Only include airports in the the lower 48 states

In [None]:
from bokeh.sampledata.us_states import data as states

states = pd.DataFrame(states).T
states.drop(["AK", "HI"], inplace=True)

In [None]:
max_lon = max(states.lons.apply(max))
min_lon = min(states.lons.apply(min))

In [None]:
states_source = ColumnDataSource(states)

### Airport locations

Add latitude and longitude positions of airports.

In [None]:
airports = pd.read_csv('airports.csv', usecols=['country', 'iata/faa', 'latitude', 'longitude', 'name'])
airports = airports[(airports.longitude < max_lon) &
                    (airports.longitude > min_lon) &
                    (airports.country=='United States')]
airports.rename(columns={'iata/faa': 'airport'}, inplace=True)
airports.set_index('airport', inplace=True)

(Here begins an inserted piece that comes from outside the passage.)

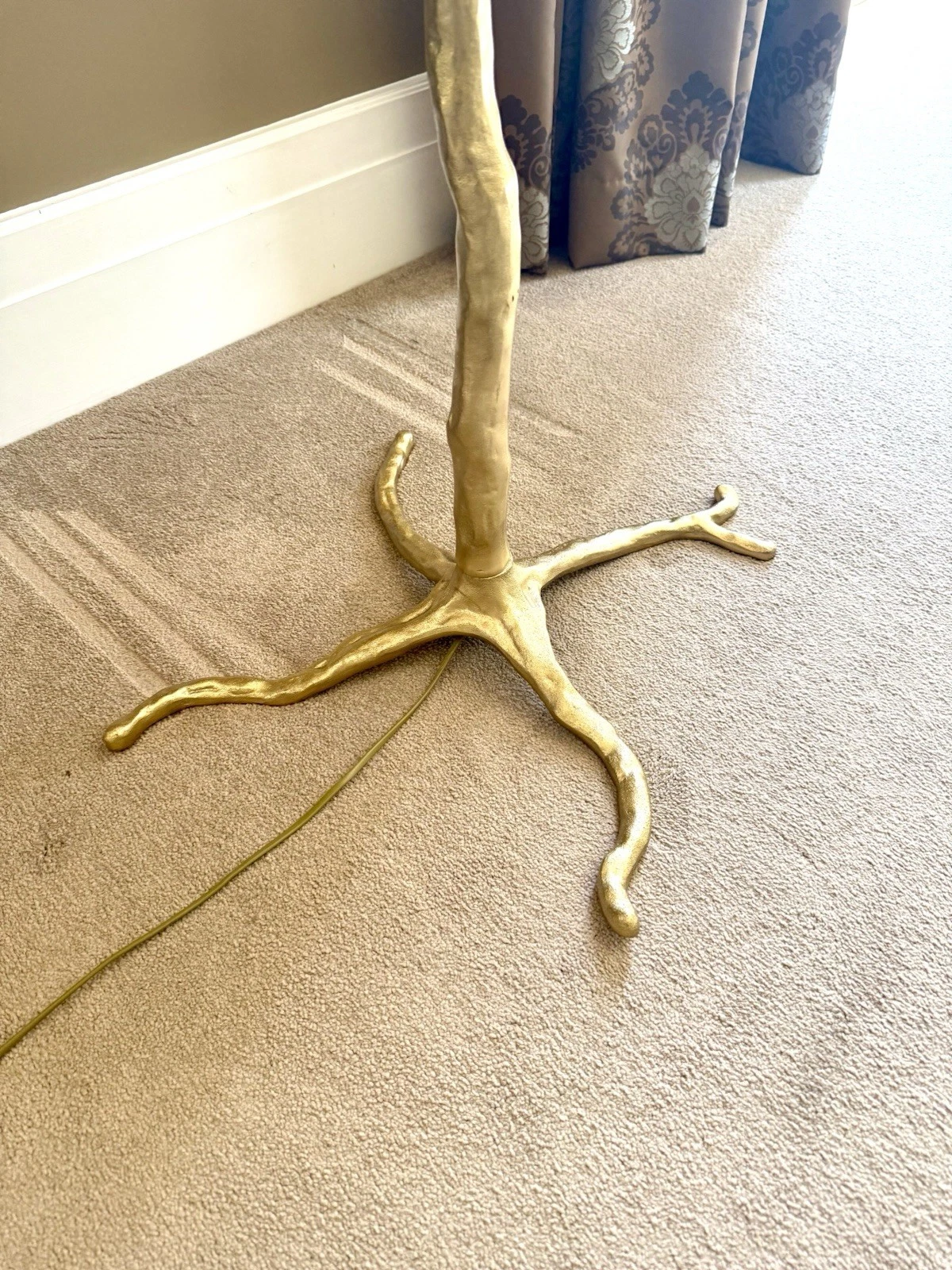 Gallery image 13 for Ostrich Feather Burlesque Floor Lamp With Brass Stand RRP £1,276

<big><big><b><font color='green'>Choose a month to plot</font></b></big>
<br><br>
Between June 2003 and Novemeber 2015</big>

In [None]:
month = pd.Timestamp('YYYY-MM-01')

Filter by year and month.

In [None]:
delays = airports.join(flights.xs(month, level='period')).dropna()

delays_source = ColumnDataSource(delays)

## Plot

* `size`: total number of flights
* `color`: Green-yellow-orange-red, increasing percentage of late flights.

In [None]:
hover = HoverTool(names=['delays'])
hover.tooltips = [
    ("Name", "@name"),
    ("Airport Code", "@airport"),
    ("No. Arrivals", "@arr_flights"),
    ("Pct Delayed", "@late_pct")
]

title = 'US Airport Delays {}'.format(month.strftime("%B %Y"))
p = figure(title=title, tools=[hover,'wheel_zoom', 'pan', 'reset'], 
           plot_width=875, plot_height=540)
p.patches(xs='lons', ys='lats', 
          fill_alpha=0, line_color="#884444", line_width=2, line_alpha=0.3, 
          source=states_source)
p.circle(x='longitude', y='latitude', name='delays',
         size='size', color='color', alpha=0.7, line_color='black', 
         source=delays_source)
p.grid.grid_line_alpha = 0.0
p.xaxis.axis_label = "Longitude (deg)"
p.yaxis.axis_label = "Latitude (deg)"
show(p)